For quite the foreseeable future, we'd be running IPv4 and IPv6 at the same time, over the same transit connections. We'd have to TE our IPv6 bits completely differently than our IPv4 bits, even though we'd be billed for the aggregate usage of both. Automated tools for tweaking total usage per transit port is hard enough in BGP. Having to tweak both BGP and some external shim6 method of TE when the goal is a common aggregate number is going to be a very difficult issue.

Some of our applications are extremely sensitive to jitter/latency. We've spent ages tweaking route-maps manually (and through automated continual tweaking) to make sure we avoid any congested links. We also rely on BGP communities by our providers to give us some more information when it comes to route decisions. (If NSP A tells me through communities that they peer directly with someone, where NSP B is crossing the country, then hitting another NSP before the Origin ASN, we prefer NSP A). I don't see how information like this, or tweaking to that level is even possible with Shim6. BGP works well for applications like this because each network the traffic passes through can add its own hints (Communities, prepending, etc) to the route, that lots of us use.

We'd still be relying on PA space. No matter how great dhcp6 is, there will be significant renumbering pain when providers are changed. Static ACLs, firewall rules, etc. If you're including customer machines in the renumbering, many simply won't do it.

Putting the logic behind traffic engineering and routing decisions into thousands of boxes seems a step backwards from putting the decision on our border/edges. Many more places where things can break. If we want to do things in a non-standard way, every box has to support it. If there are refinements to Shim6 later, we're forced with either not using them, or forcing our customers to upgrade their OS.

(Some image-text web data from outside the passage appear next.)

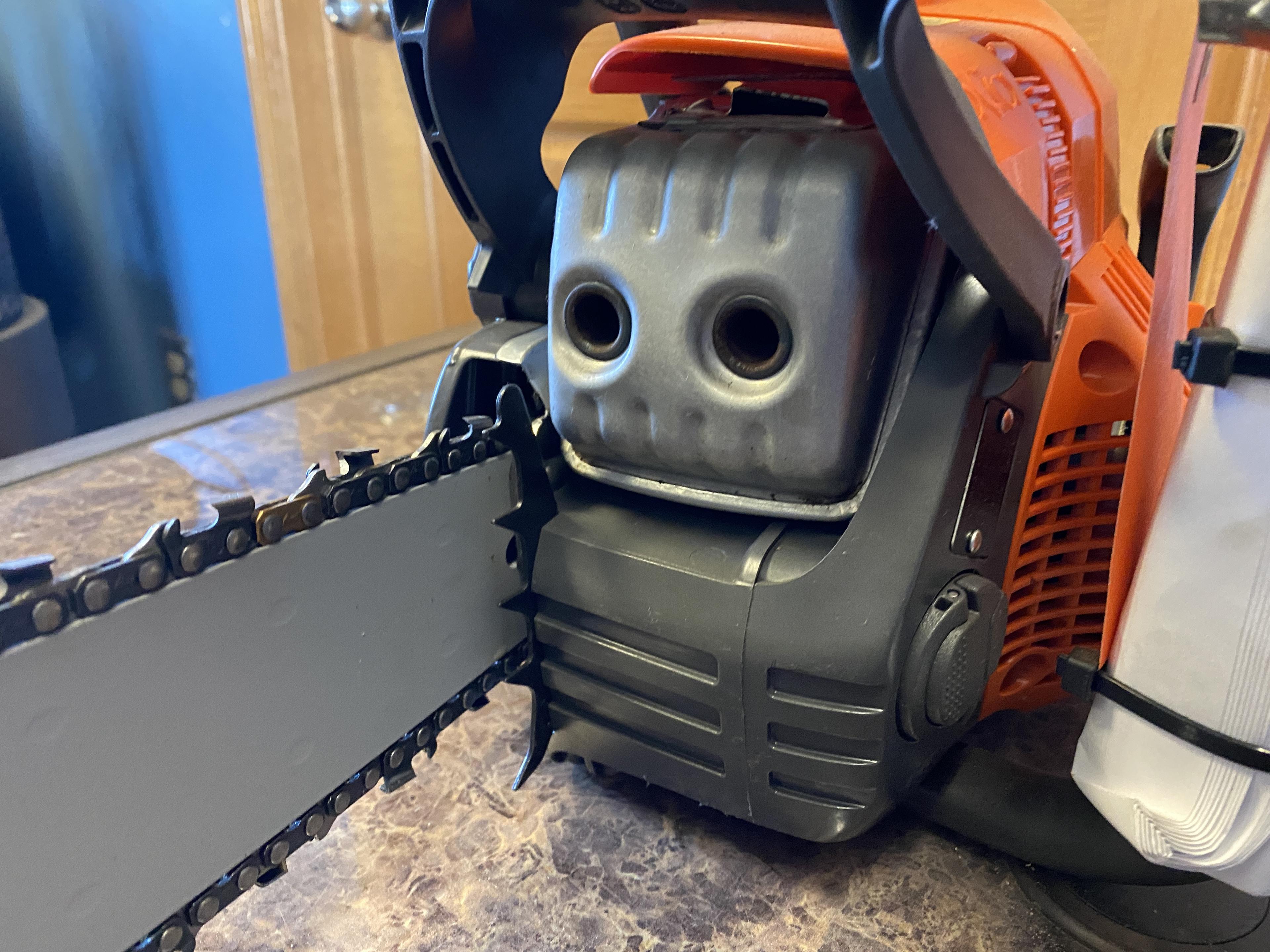 Husqvarna 440 X-Torq Chainsaw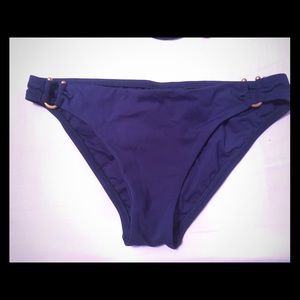 L*Space navy bikini
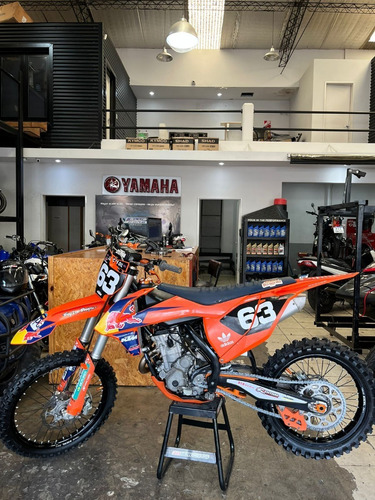 Imagen 2 de 19 de Ktm Sxf 350 2016 Gran Estado, Con Accesorios, Marelli Sports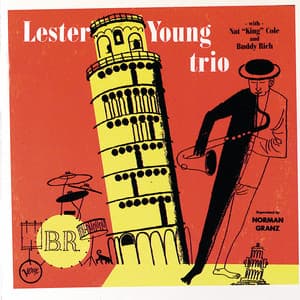 Lester Young Trio - Lester Young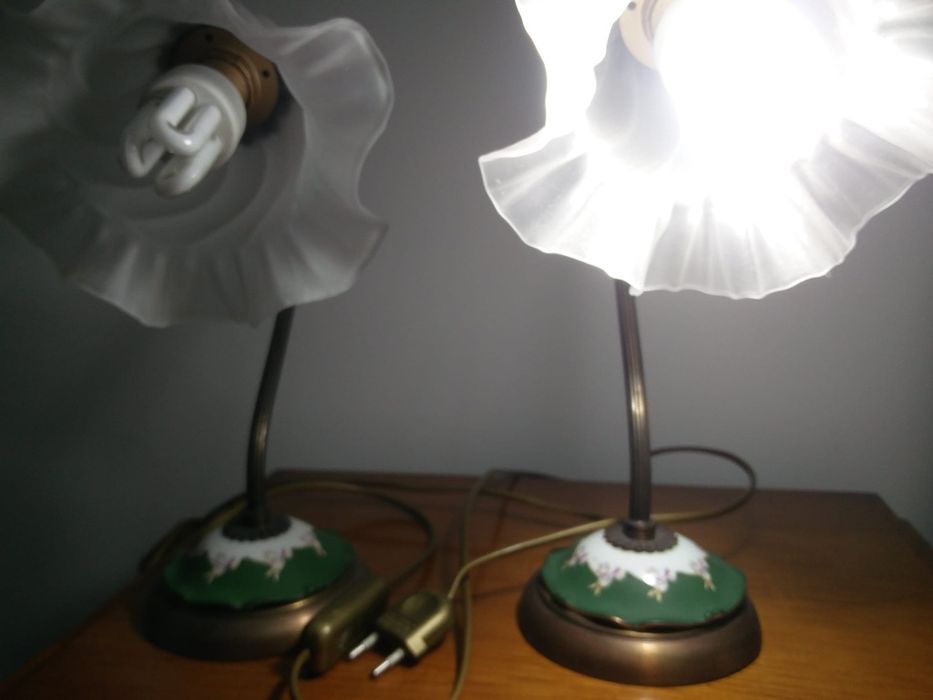 Candeeiros de quarto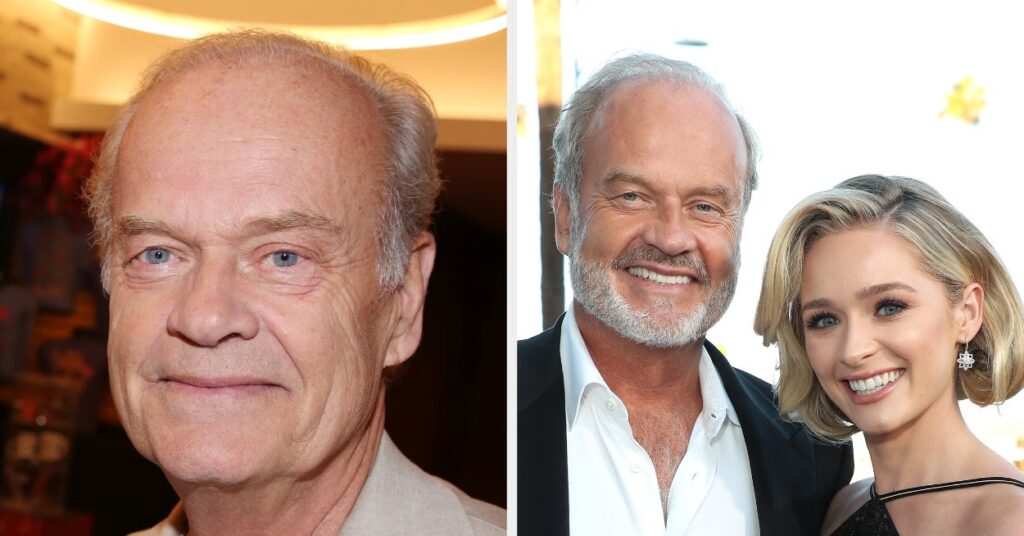 Meanest Thing Kelsey Grammer Said About Greer Grammer Meanest Thing Kelsey Grammer Said About Greer Grammer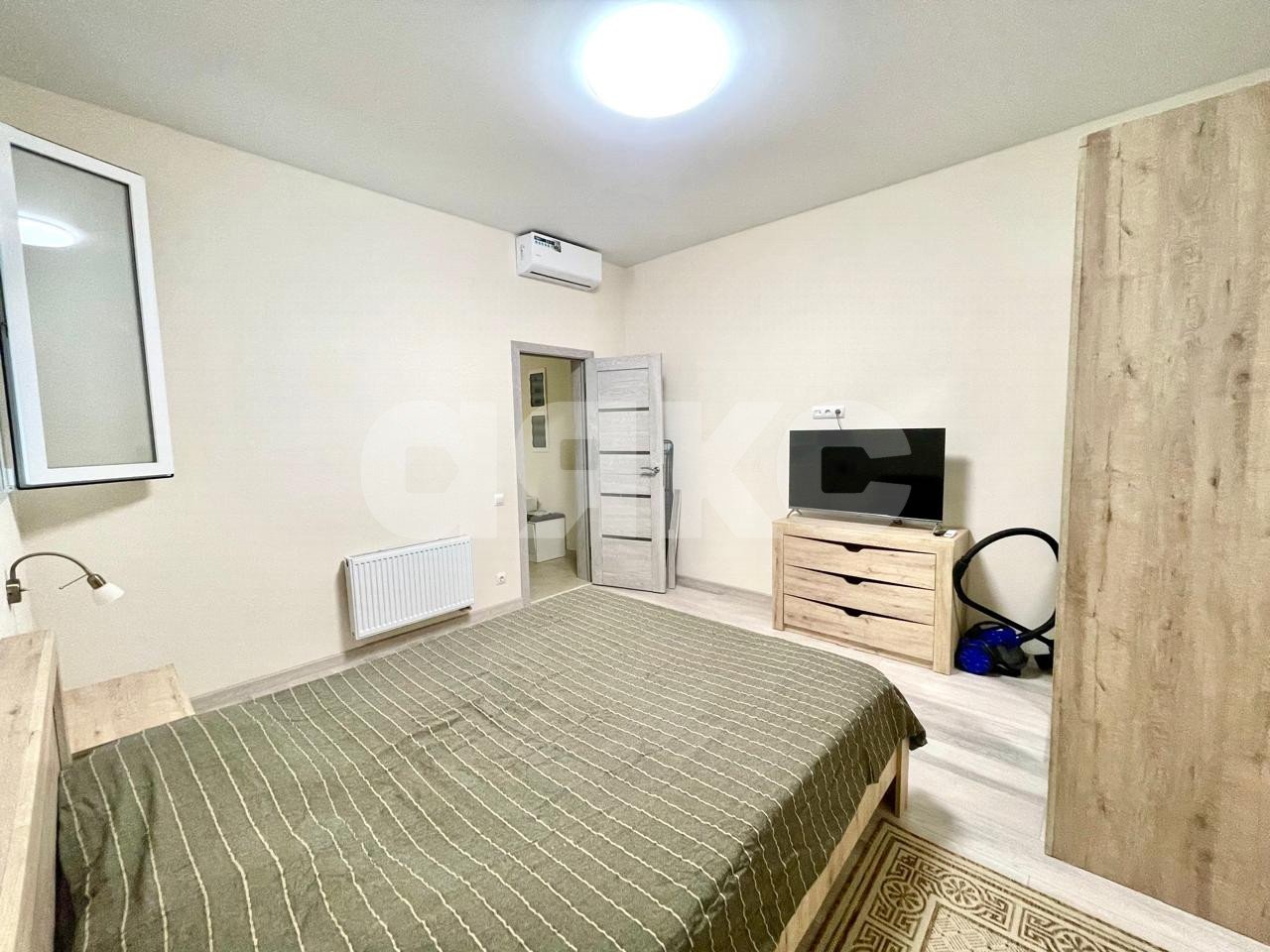 Фото №8: 2-комнатная квартира 60 м² - Сочи, Центральный, мкр. Мамайка, ул. Виноградная, 195/1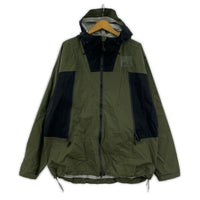 その他アウター JACK Wolfskin ナイロンジャケット グリーン/ブラック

How do we deal with "backup connections"? I.e. connections that are only used if all others are down. Right now we advertise only a supernet out to our "backup transit" provider, and the more specifics to our main providers. (Yes, I realize this isn't perfect, but it works fine for us.)



Please don't get me wrong, I think Shim6 is great for a lot of people. Being able to let ANYONE multihome with no impact on the world is great. BUT, there needs to be a fallback to the BGP/IPv4-ish way for people who need the "power user" set of tools, or there is going to be a huge pushback from a lot of groups when asked to switch to ipv6. This fallback has to be available to anyone who can justify the need, not just "anyone bigger than X size".